Records contained in a dataset:
= = =

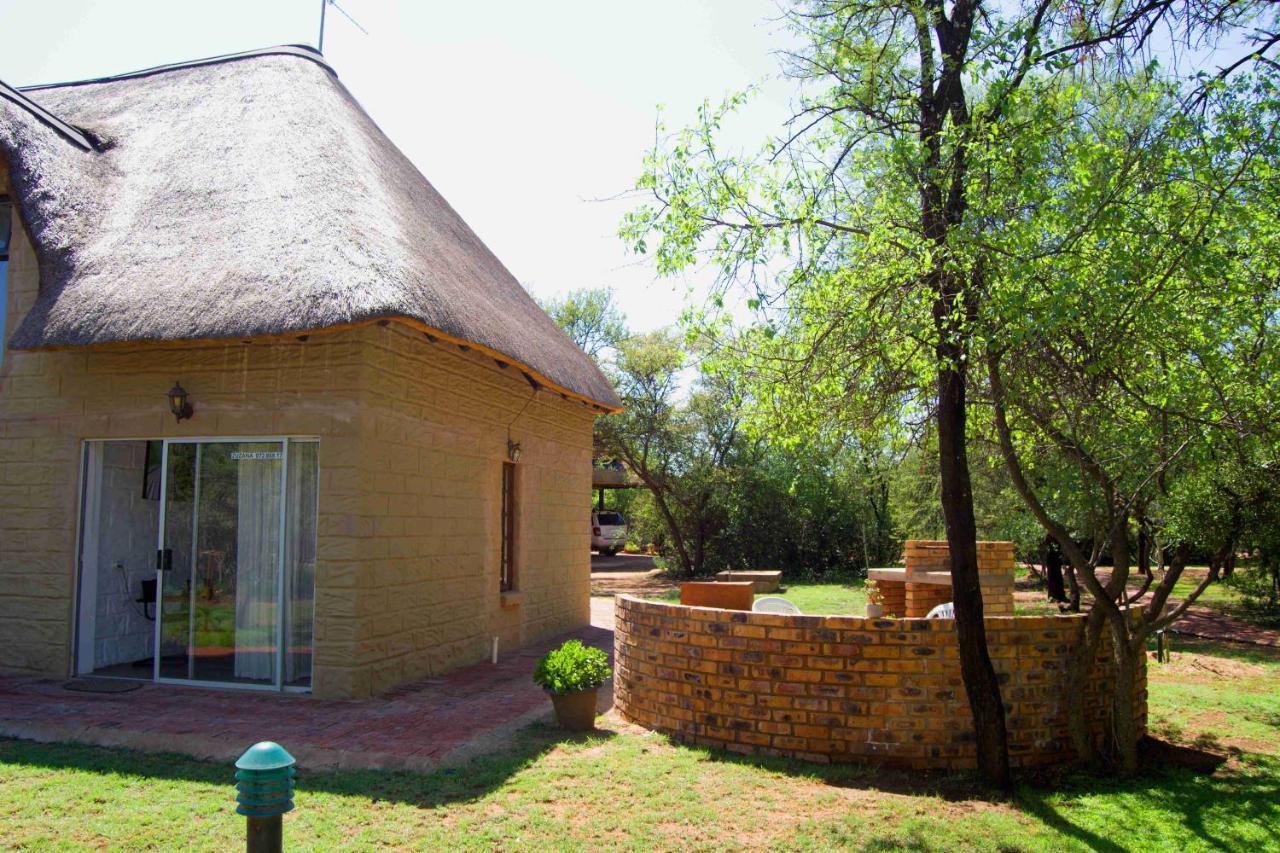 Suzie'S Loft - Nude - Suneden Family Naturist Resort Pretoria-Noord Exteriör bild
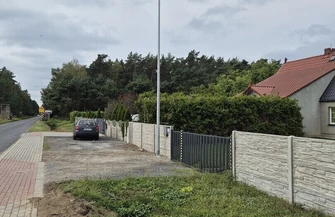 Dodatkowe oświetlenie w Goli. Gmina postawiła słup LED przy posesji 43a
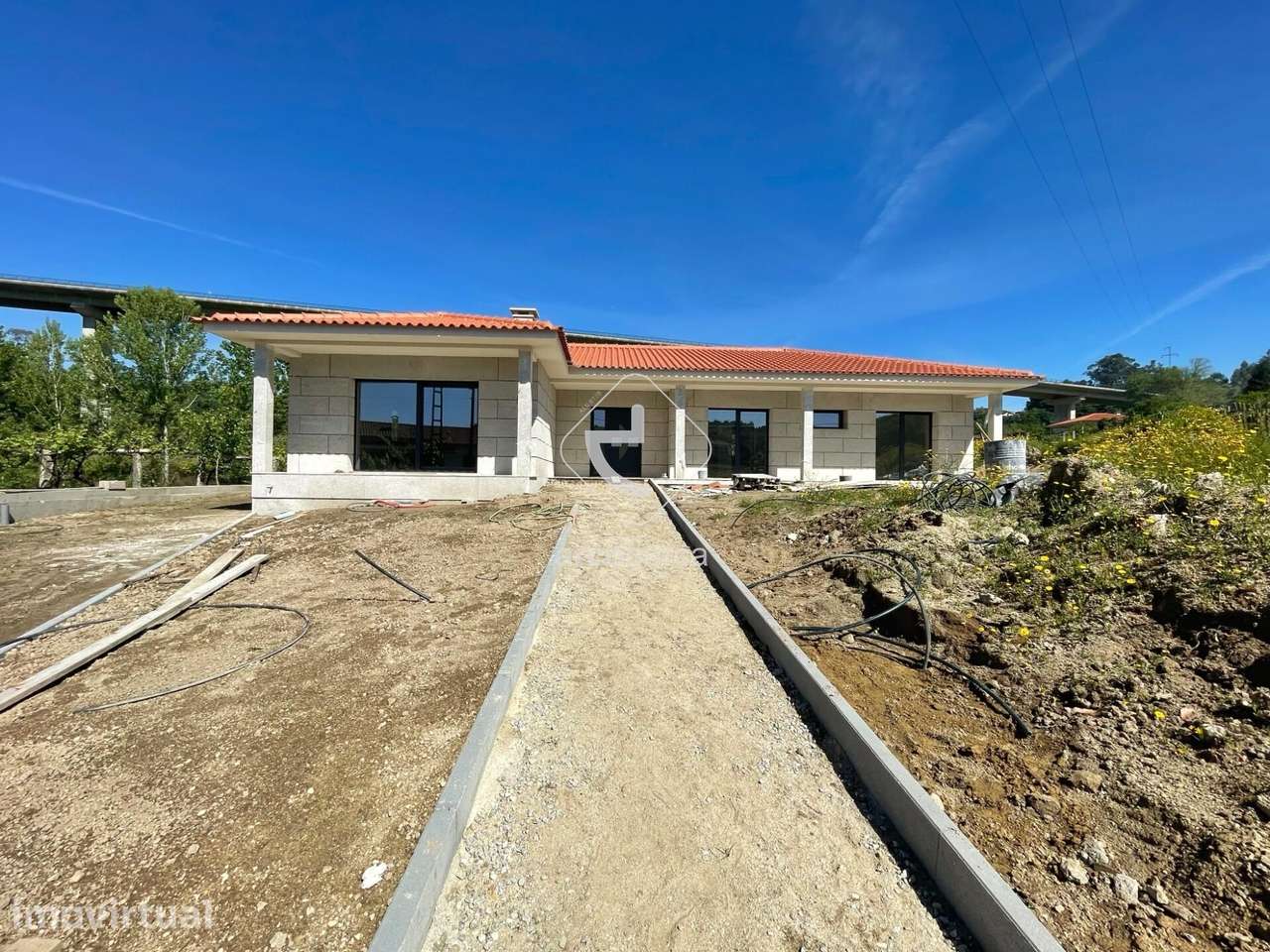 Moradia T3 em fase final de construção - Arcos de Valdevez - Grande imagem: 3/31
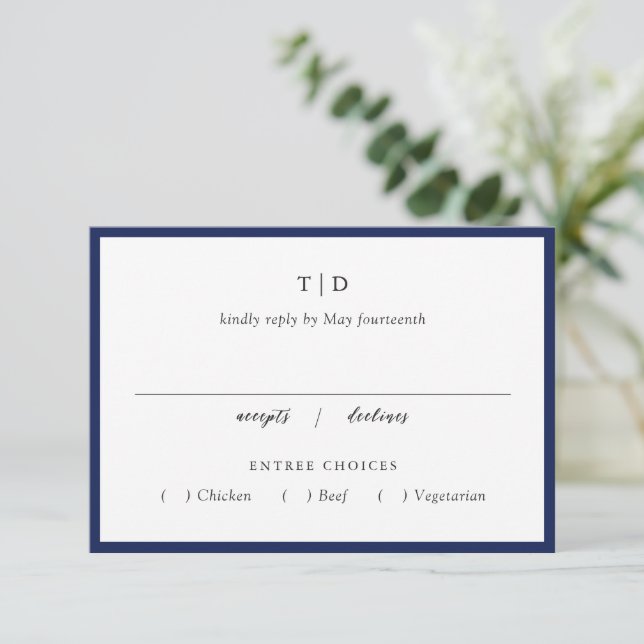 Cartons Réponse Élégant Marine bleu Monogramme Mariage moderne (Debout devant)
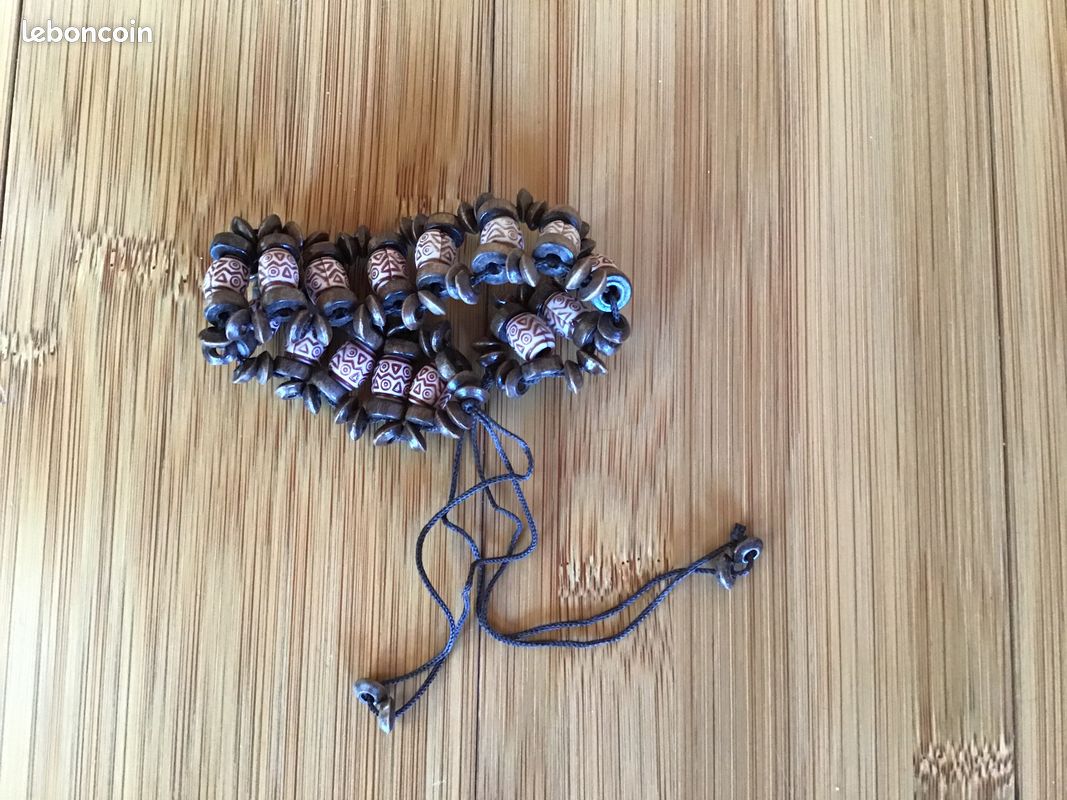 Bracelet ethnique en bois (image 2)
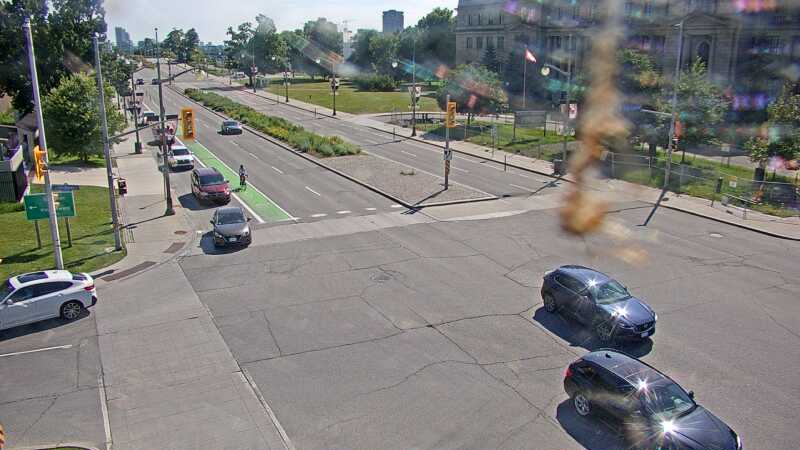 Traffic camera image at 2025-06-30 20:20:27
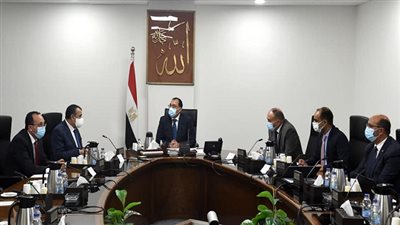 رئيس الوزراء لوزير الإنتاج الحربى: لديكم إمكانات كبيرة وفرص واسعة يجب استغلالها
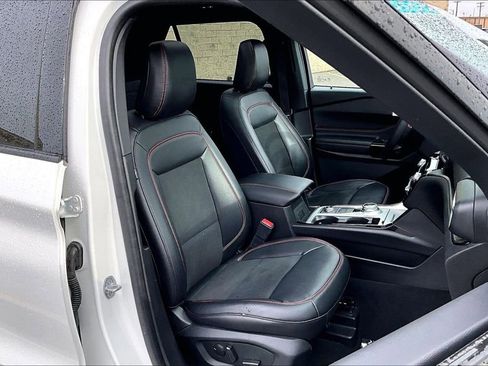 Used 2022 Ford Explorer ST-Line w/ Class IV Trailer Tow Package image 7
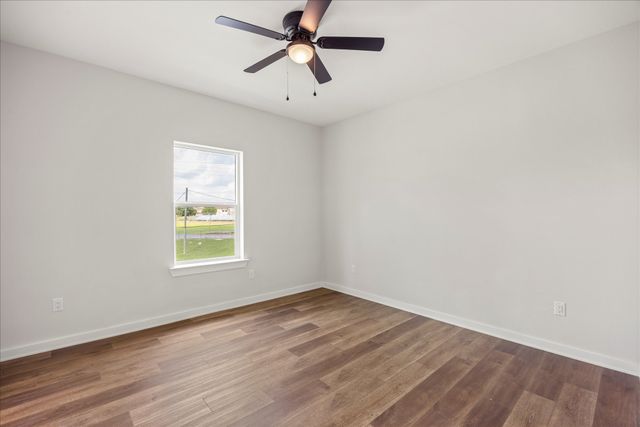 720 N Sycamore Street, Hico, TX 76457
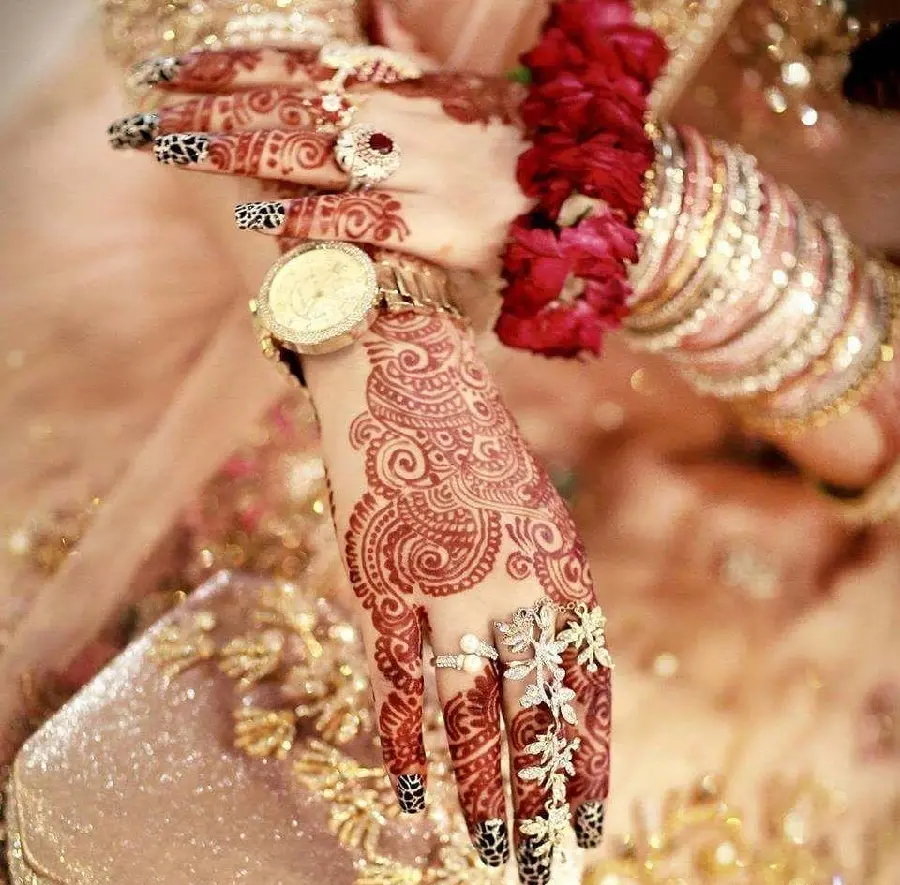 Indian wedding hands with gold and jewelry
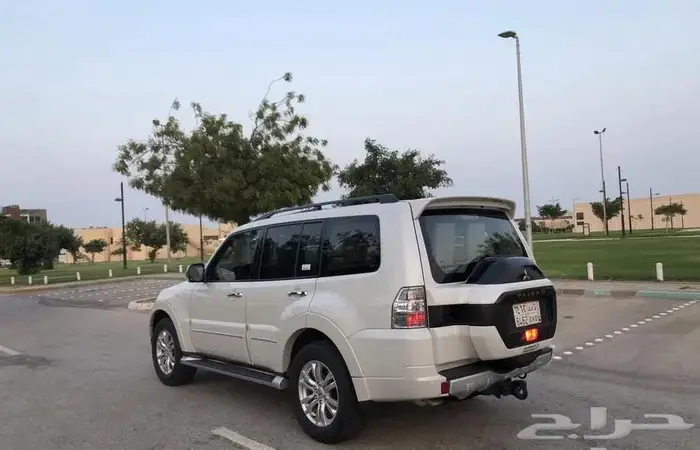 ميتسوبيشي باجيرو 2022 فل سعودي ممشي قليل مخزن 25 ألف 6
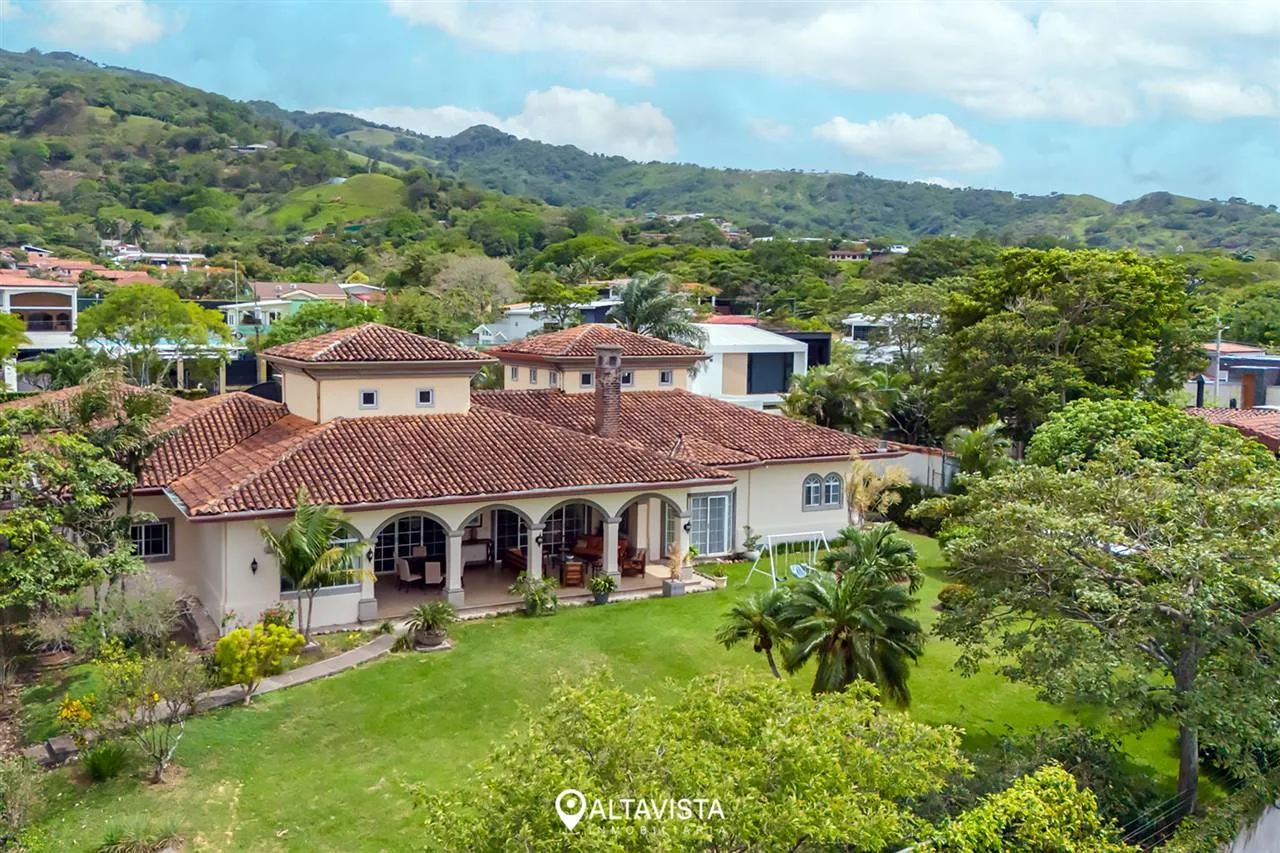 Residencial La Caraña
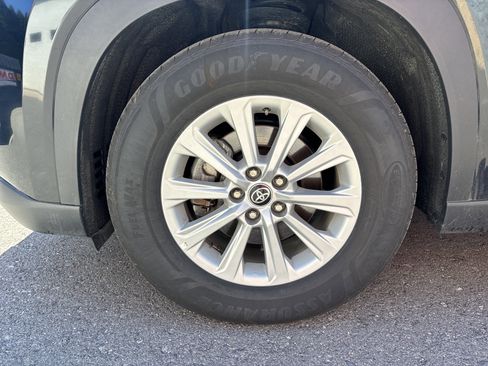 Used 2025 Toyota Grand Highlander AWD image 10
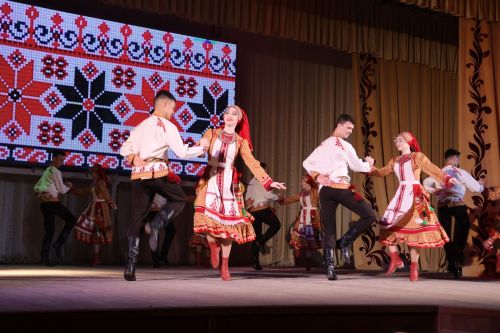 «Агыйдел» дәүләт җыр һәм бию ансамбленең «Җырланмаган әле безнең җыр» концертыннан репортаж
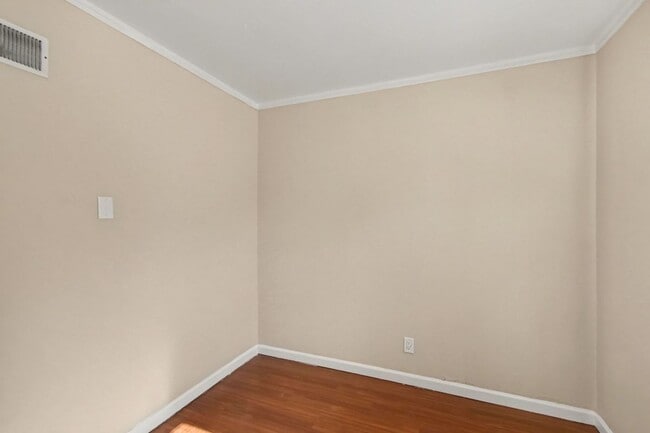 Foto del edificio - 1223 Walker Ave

= = =

» PROBLEM TO SOLVE: Repeat, exactly and with no pictures, each line from the line that holds "дәүләт җыр һәм" through the last line of the records above.

» WRITTEN ANSWER:
 «Агыйдел» дәүләт җыр һәм бию ансамбленең «Җырланмаган әле безнең җыр» концертыннан репортаж
 Foto del edificio - 1223 Walker Ave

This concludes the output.